I am involved in an arbitration case with Riversdale Mining and Rio Tinto which I had funded myself to date with approximately USD 160 k. My own funds had dried up now and this is already causing havoc with the cash flow of our agricultural business. We need to raise a further USD 120 k urgently to ensure we can continue with the case. These funds will be used solely to pay for our legal team, arbitrator and other costs relating to the case. Should I not be able to raise this I will have to withdraw from the case which will have the effect that i become liable for their costs as well.

The successful outcome of the case will ensure that we will have funds available to expand our agricultural business that will create more employment opportunities for the local community, who lives a very poor and difficult life. It will also provide us with funding to invest more into projects to socially uplift the community. We as a family will also benefit substantially from it and I will have the funds to ensure proper education for our children to ensure a better future for them.

The history of the case can be summarised as follows:

I was a shareholder and Managing Director of ELGAS, SA a company registered in Mozambique. The main business line of ELGAS at the time was to identify, develop, own and operate power stations in Mozambique and to sell the power to end users and utilities in the Southern Africa region. I came to know of Riversdale Benga mine development in Mozambique through the press and as I could not pick up anything about a power station development, I decided to contact them to discuss the possibility of developing a power station using low quality thermal coal from their mine.

Therefore I made contact with Syd Parkhouse who was Riversdale’s country manager at the time, based in Mozambique. He then arranged a meeting with the then Chairman and CEO Michael O’Keefe (Michael) during a visit to Mozambique early 2007. Also attending the meeting were Andrew Love (Andrew), Deputy Chairman, as well as other senior members from the management of Riversdale.

After a lengthy discussion of the advantages a mine mouthed thermal power station will have for Riversdale, like increased IRR, market for low quality coal that can not be exported, no stockpile or re-introduction to pit cost of low quality thermal coal, they said that they would be interested to develop the power station jointly with ELGAS.
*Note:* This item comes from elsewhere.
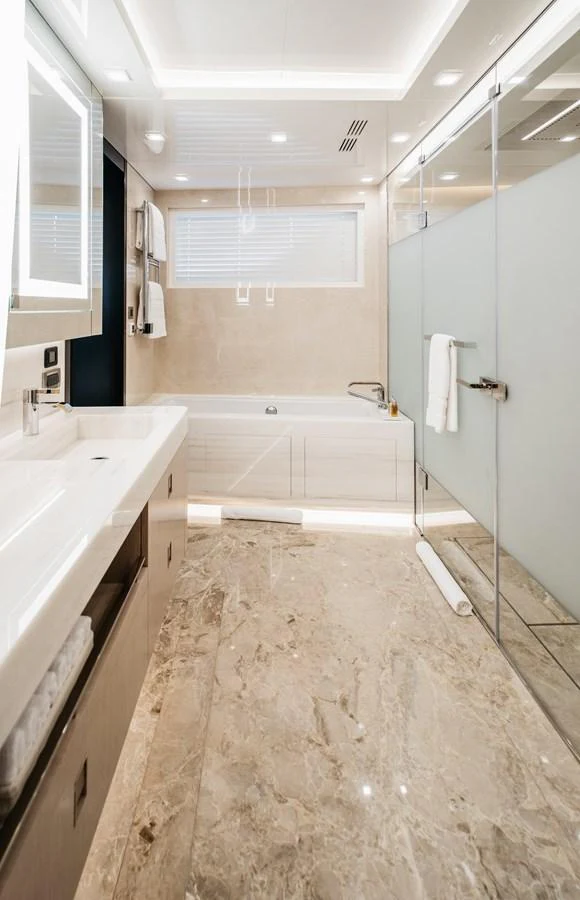 The yacht's bathroom features luxurious marble flooring and modern fixtures. aboard BERING 145 Yacht for Sale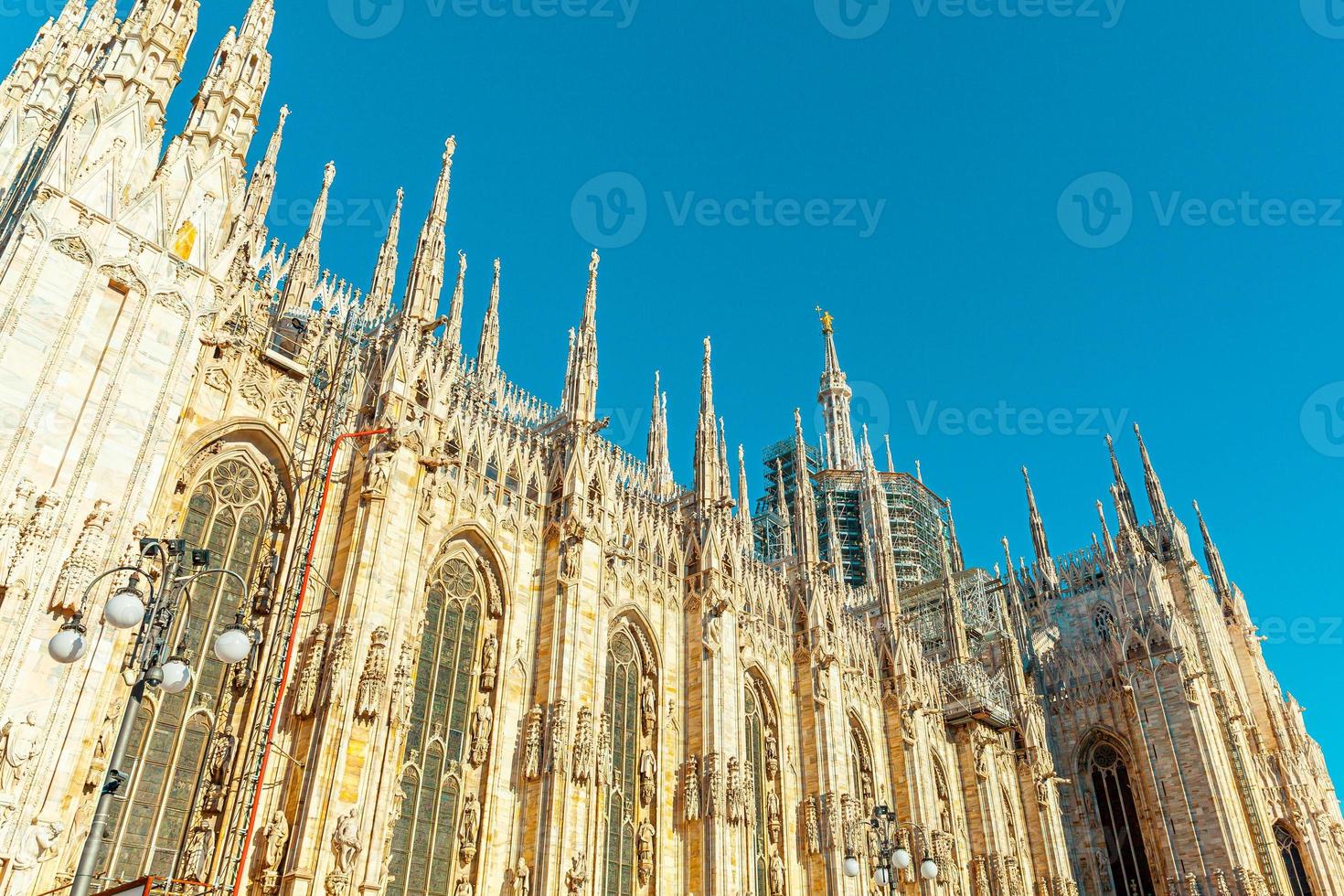 Famous church Milan Cathedral Duomo di Milano with Gothic spires and white marble statues. Top tourist attraction on piazza in Milan Lombardia Italy. Wide angle view of old Gothic architecture and art photo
I then explained to them what the process is that we will have to follow of witch the main points were:

  • First we need to get a despatcho from the Minister of Energy that will give us permission to continue with development of project. For this we needed to submit a desk top study with our application to the Minister. The Minister also needed to get Cabinet approval as the power station would be bigger than 100MW
  • Then we need to engage with EDM (Mozambican power utility) to get the project listed with them, get transmission access for evacuation of power, to get it registered with Southern African Power Pool (SAPP) and to negotiate a Power Purchase Agreement (PPA) with them as some of the power will have to stay in Mozambique.
  • Negotiate with the Ministry of Energy a Framework Agreement that will give us full rights to develop the power station and will be the base for the final concession agreement.
  • Get Environmental Impact (EIA) approval and license
  • Engage Eskom in negotiations for a PPA as they were in need of power for the SA market as well as that a PPA with them will make the project bankable and enable the financing of it.

I also explained to them that I foresee 2 main problems, namely firstly that our development will be in direct conflict with VALE’s Moatize power station that was already approved and that we will have to compete with them for transmission access and market and secondly the restraints on the current transmission infrastructure which only had about 600MW spare capacity available to evacuate the power to the market. Due to this transmission constrains we then decided that the power station will be developed in two phases with a first phase of 500MW and a second phase of 1500MW once new transmission infrastructure was developed, giving a total of 2000MW but that we will do the EIA study for 2 000MW to save time and costs in future. The 500MW first phase was later increased to 600MW after Riversdale realized that they will need more power for their own developments than originally thought.

It was then decided that if I can achieve to get the despatcho for the first phase Riversdale will fully support the project. To achieve this I then engaged Cliff Lewis (Cliff) of FTech to assist me on the technical side in preparing the desktop study that we needed to submit to The Minister of Energy with our application. I was succesfull to get a despatcho from the Minister in November 2007 making use of my political contacts like Dr Paulo Zucula, Minister of Transport and Gildo Sibumbe, Commercial Director of HCB, who are both personal friends of mine for many years. Thereafter we started working on the various elements of the project to achieve a bankable feasibility study. To this end Ftech was appointed as technical consultants for the project.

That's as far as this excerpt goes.